Correct option is (b) \(-\pi\)
\(\int\limits_0^{2\pi} [2sin x] \,dx = ?\)
We have to subdivide the interval 0 to 2π as under keeping in view that we have to evaluate [2 sinx].
\(\because sin\left( \frac \pi 6\right) = \frac 12 \)
⇒ \(2sin\left(\frac \pi 6\right) = 2 \times \frac 12 = 1\)
\(\therefore [2 sin x] = 0 ;\, \text{if} \;0 \le x < \frac \pi 6\).
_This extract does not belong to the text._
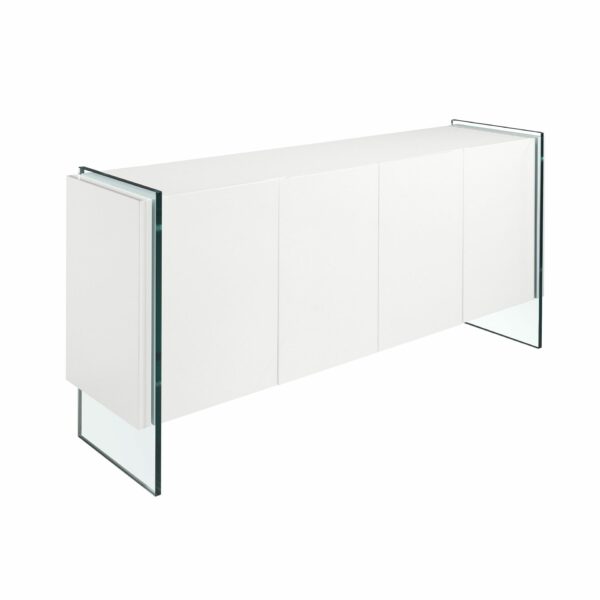 Aparador madera blanco y cristal templado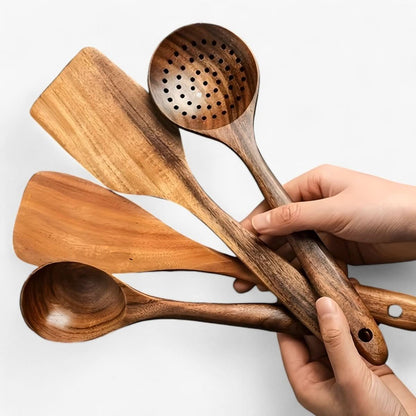WOODCHEF – 11-Piece Wooden Kitchen Utensil Set for Scratch-Free Cooking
\(\because sin\frac \pi2 = 1\)
⇒ \(2 sin\frac \pi2 = 2\)
\(\therefore [2 sin x] = 1;\; \text{if} \;\frac\pi6 \le x < \frac \pi2\)
\(\because sin\left( \pi - \frac \pi6\right) = sin \left(\frac{5\pi}6\right) = \frac 12\)
⇒ \(2sin \left(\frac{5\pi}6\right) = 2\times \frac 12 = 1\)
\(\therefore [2sin x] = 1;\text{if}\; \frac \pi2 < x \le \frac{5 \pi}6\)
\(\because 2sin(\pi) = 0\)
\(\therefore [2sinx] = 0; \text{if}\; \frac{5\pi}6 < x \le \pi\)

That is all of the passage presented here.